IPhone 5 Delay Speculation Continues: Don't Buy It - luigionline
http://www.i4u.com/46081/iphone-5-delay-speculation-continues-dont-buy-it

======
edw
This article is ridiculous: it poh-pohs speculation as such and then combats
the various speculative theories being tossed about with…speculation.

Gruber (or some Gruber-like person) argued that we may be seeing a decrease in
the tempo of hardware innovation in the iPhone space coming out of Apple due
to the product's asymptotic approach of the iPhone's Platonic ideal form.
Before long, if not with the iPhone 5, then with the 6 or 7—or whatever
they'll be called—we may see product introductions that are footnotes as
processor speed, memory, and battery life are incrementally bumped.

(NOTE: Having a relatively well-defined platform to develop for is something
mobile developers love about iOS vis-a-vis Android; to me that would indicate
that the bumps might come clumped together enough to provide an inducement to
upgrade in a lock-steppy manner. But I'm pulling that out of my ass.)

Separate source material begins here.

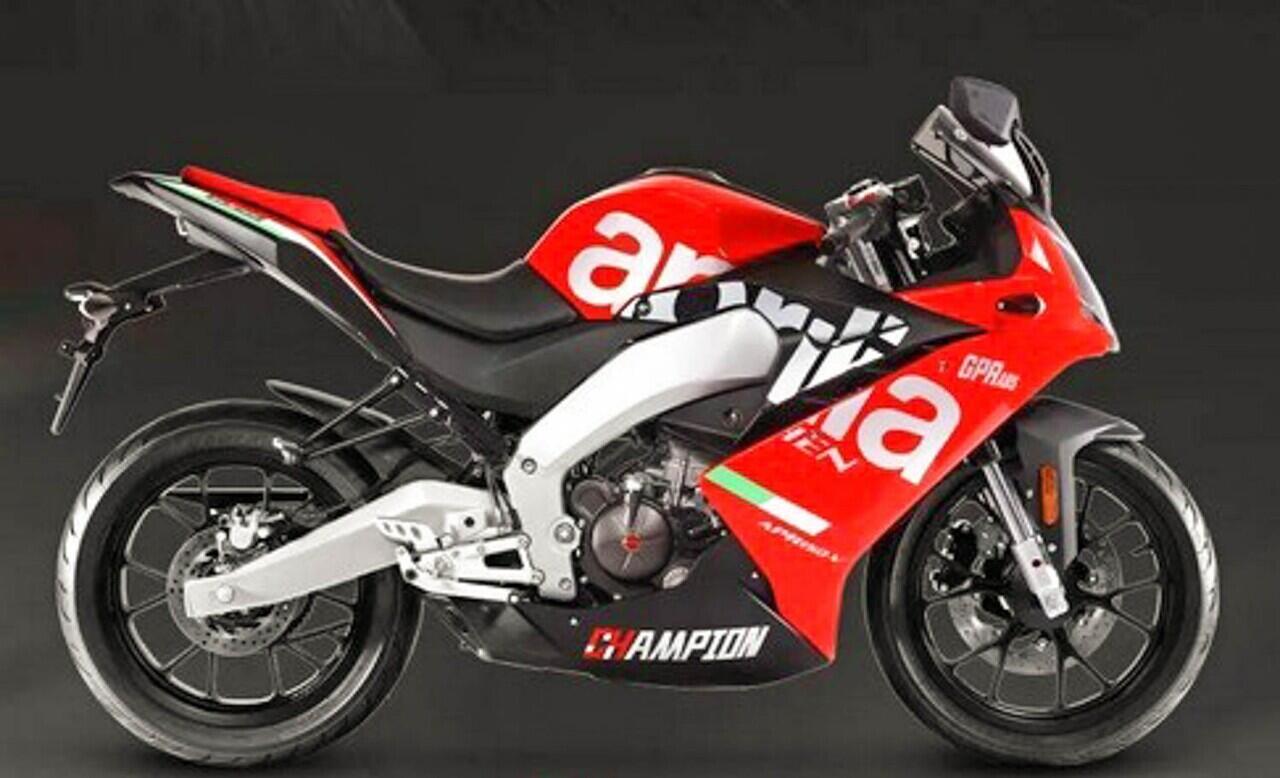 Motor Aprilia 150 Yang Dibuat Di China, Bentuknya Aneh Tapi Berani Lawan Motor Jepang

iOS is an ecosystem. There's Apple's hardware but, as we saw during the iPad 2
intro, the software is just as important. And don't forget AirPlay. Apple
wants to create a compelling ecosystem for consumers, developers, and content
providers, and people who think that bumping the clock speed or the amount of
memory beyond certain good-enough points are the sorts of people who might
think that the next step for AirPlay after supporting 24bit@96kHz sampling
rates is to move on to 32bit@192kHz. In other words, they're spec whores, and
don't appreciate what Apple's doing, which is, to re-phrase and repeat (and
paraphrase and augment Steve's twice-delivered spiel), the intersection of
commerce and tech and the arts.